A kid born in the early ’90s, Nguyen loved the escape of TV and movies, so he joined the theater community for students of color at Central High School. Members performed what they wrote onstage, and Nguyen wanted to ham it up.
But the laughs could feel cheap. “People are listening to you, and you’re saying things that you don’t really care about,” he remembers thinking. He thought of the women in his family, of his mother in particular, forced to immigrate from Vietnam. “Everybody has a story, but not everybody gets listened to. So, what are you gonna do?” He poses the question to his past self. “Are you gonna say something worth saying?”
His first book of poetry, This Way to the Sugar, came out years later, in 2014—a finalist for the Lambda Literary Award and the Minnesota Book Award. In the confessional style he is known for, Nguyen pries into personal sticking points, from body image and internet-age sex to growing up gay in an unsympathetic home. His second book, Not Here, continues unpacking memories of abuse and loss, confronting cultural barriers in sex and love, and staging painful, compromising mother-son dynamics. Unreleased new work so far draws on the Twin Cities, assisted by a prestigious Ruth Lilly and Dorothy Sargent Rosenberg Poetry Fellowship, one of five given annually by the Poetry Foundation.
“[It is] just one of those books you can’t stop reading,” poet Victoria Chang gushed of Not Here. The New York Public Library recently named it one of the best poetic works of 2018, at a time when more and more people are reading poetry, according to the National Endowment for the Arts. “Nguyen’s irrepressible warmth is fueled by honesty, longing, and curiosity,” raved National Book Award-winning poet Terrance Hayes.
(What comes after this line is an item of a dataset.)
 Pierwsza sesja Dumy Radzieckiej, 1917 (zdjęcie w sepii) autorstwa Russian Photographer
Hard to imagine—given so many other accolades touting Nguyen’s precocious mastery—that he barely graduated high school.
Back then, teachers hounded him on his cell phone while he skipped class. He devoured Def Poetry Jam DVDs from the library. He loved poet Patricia Smith. He started writing slam—that firebrand genre of spoken word where writers dig into the hardest parts of their past.
Although Nguyen, who now lives in Minneapolis, quit his haberdashery day job about four years ago to work full time as a poet, he still writes at night. He has ever since forgoing undergrad to slog through “soul-sucking customer-service jobs” during the day.
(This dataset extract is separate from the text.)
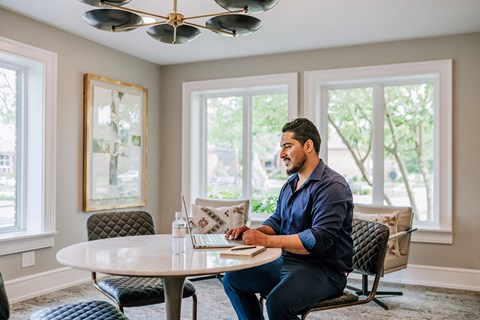 Hurstbourne Grand Apartments Louisville leasing center workspace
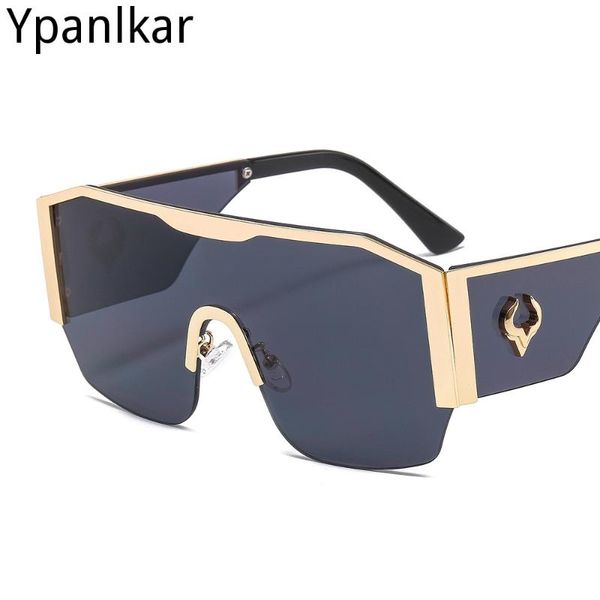 sunglasses 2021 conjoined metal oversized frame fashion personality decoration driving brand design, White;black
sunglasses 2021 conjoined metal oversized frame fashion personality decoration driving brand design, White;black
For example: On a mid-October day, he went to bed at 8 a.m., rose at 11, and got to Hen House Eatery downtown for an interview at 1. “During human hours, there are errands to run and responsibilities to do. But at 2 a.m., it all goes away.”
He wears a mustard-yellow beanie, a gray Champs T-shirt, and black-framed glasses, reasoning over an avocado tuna melt. Nguyen sometimes detours, visibly, into his thoughts. Returning, he is charming and a little diffident. His curiosity shows in debate. About halfway through the interview, we discuss whether art should ever lead audiences into despair. “Maybe there’s a way where you are in the dark, but you aren’t alone in the dark,” he suggests. “You are there with the work. You are there with the poem, right?”
His spark might surprise those who know where his poems tend to live. Nguyen does lead readers into darkness—writes about trauma, about abuse at the hands of should-be mentors, about dehumanizing interactions.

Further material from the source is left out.